В Великую Субботу к тобольским узниками допустили на Всенощную службу Священника и монахинь, но красногвардейцы не просто обыскали всех пришедших, а заставили их полностью раздеться. Священник и монахини смиренно подчинились ради Царских детей, но узнав об этом Великие княжны были просто шокированы, а Ольга Николаевна безутешно плакала. Евгений Степанович Кобылинский вспоминал: «Все были так подавлены, это так подействовало на них, что Ольга Николаевна плакала и сказала, что если бы она знала, что такое случится, она никогда бы не попросила о проведении службы».
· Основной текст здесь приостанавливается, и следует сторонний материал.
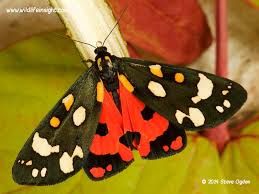 Attēlu rezultāti vaicājumam “Callimorpha dominula”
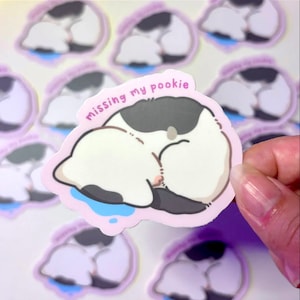 Pegatina "Mi Pookie faltante" / Pegatina mate resistente al agua / Lindo gato / Pegatinas para portátiles, diarios y cuadernos
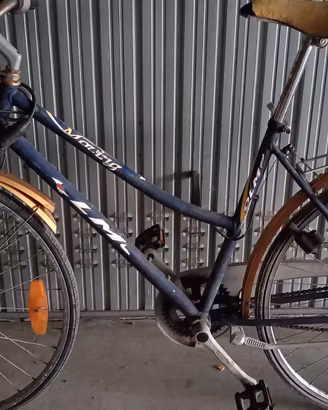 bici da passeggio 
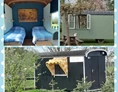 Wohnmobilstellplatz: Es gibt auch Tiny Houses zur Miete oder eines unserer Safarizelte - SVR-Camping Pieters Farm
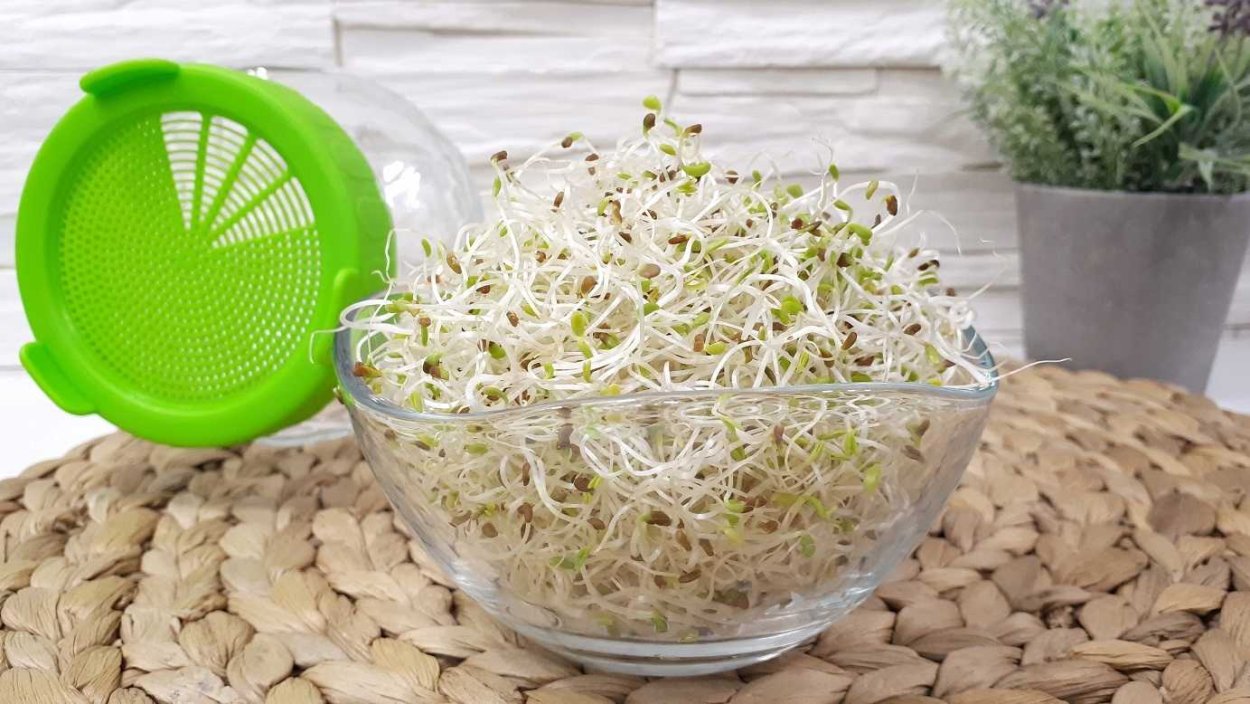 Эндивий микрозелень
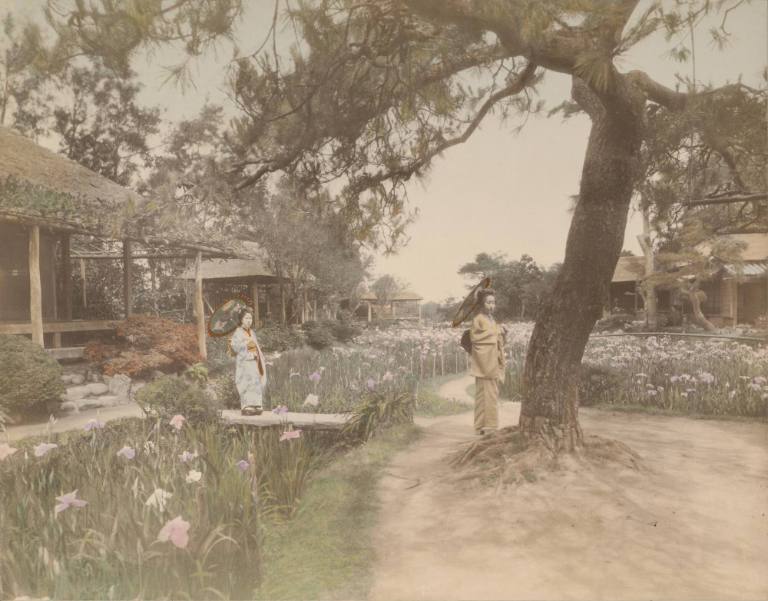 Girls in an iris garden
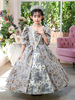 Costumi rococò vittoriani retrò in argento abito con stampa floreale abbigliamento vintage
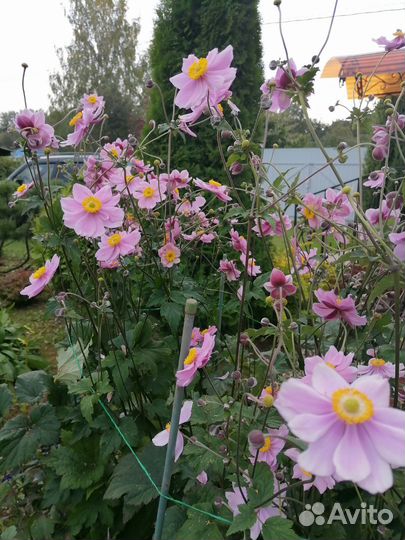 Анемона гибридная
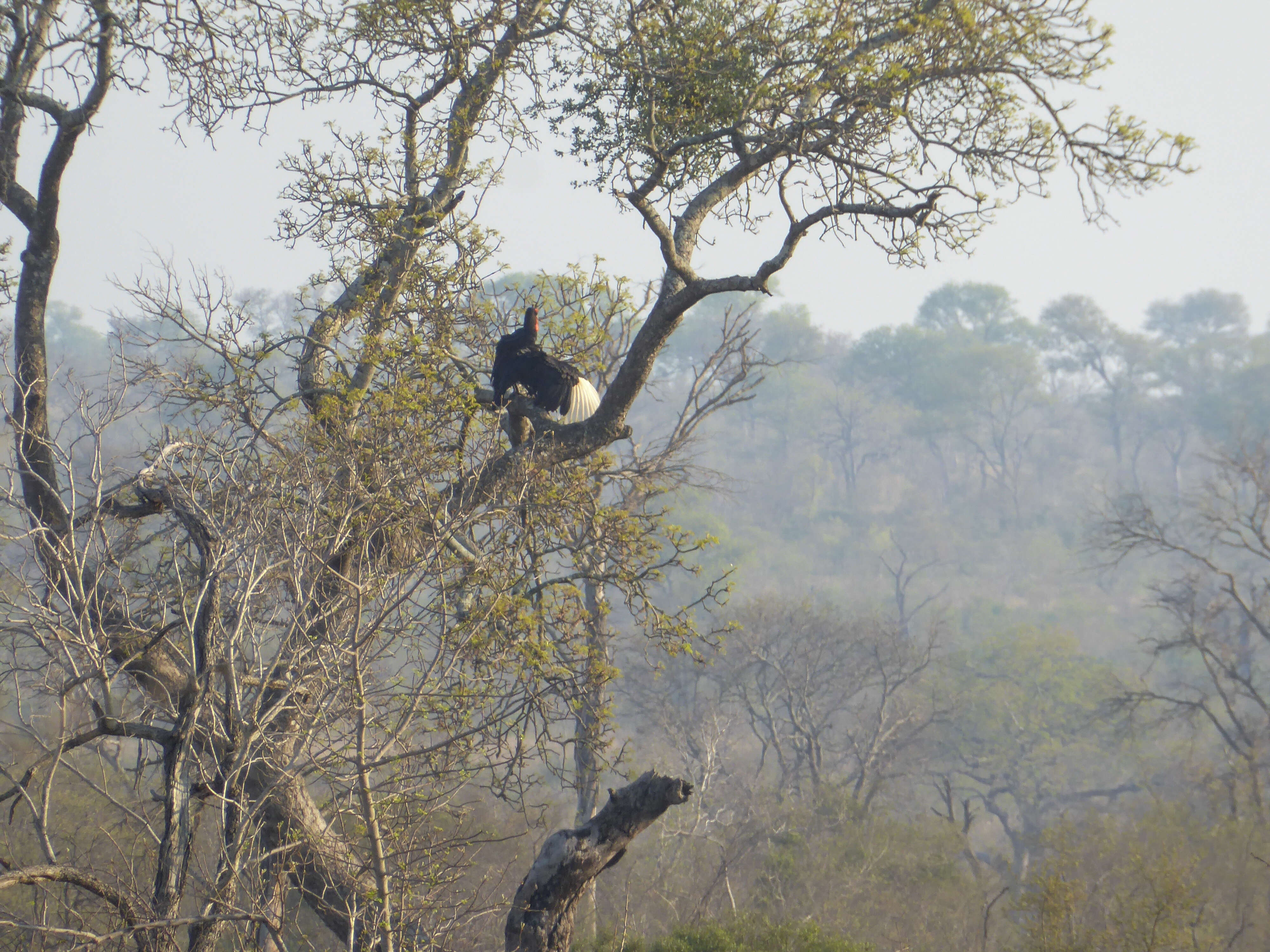 Image of Southern Ground Hornbill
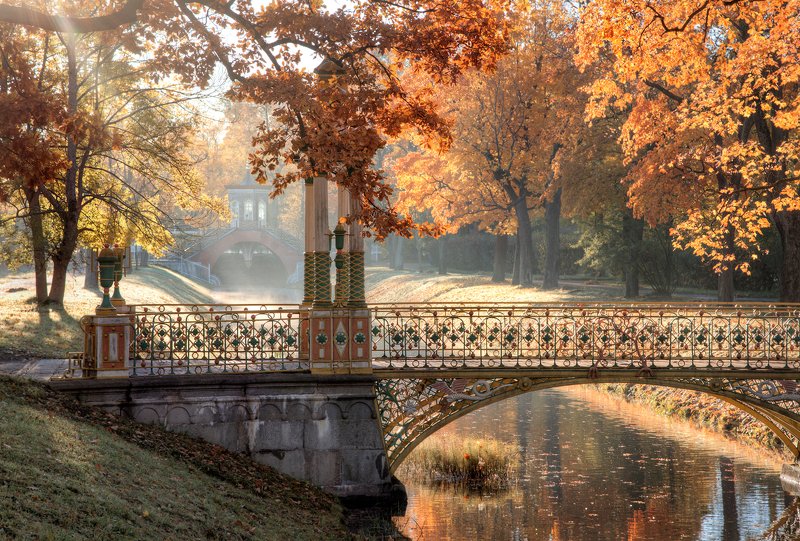 Утро в пушкинском паркеphoto preview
В письме Валентине Чеботаревой Великая княжна Татьяна Николаевна писала: «…Как Вы провели Пасху? Мы все ужасно грустим, с тех пор, как мы остались без Папа и Мама. Вы, должно быть уже слышали, что их увезли. Очень тяжело быть вдали от них. Уверена, что Вы понимаете наши чувства. Мария уехала с ними, мы же остались присматривать за братом, который болен. Конечно, нам никто не сказал для каких целей их забрали. Примерно через неделю после их отъезда мы узнали, что они добрались до Екатеринбурга. Мы получаем от них письма и это — огромная радость. Двести верст до Тюмени они добирались на лошадях по ужасной дороге и теперь у Мама болит сердце. Ночевали они в деревнях. Теперь живут в трех комнатах. Перед окнами огромный забор и из окон видны лишь купола церкви. Мы отправимся в путь, как только Алексей поправится».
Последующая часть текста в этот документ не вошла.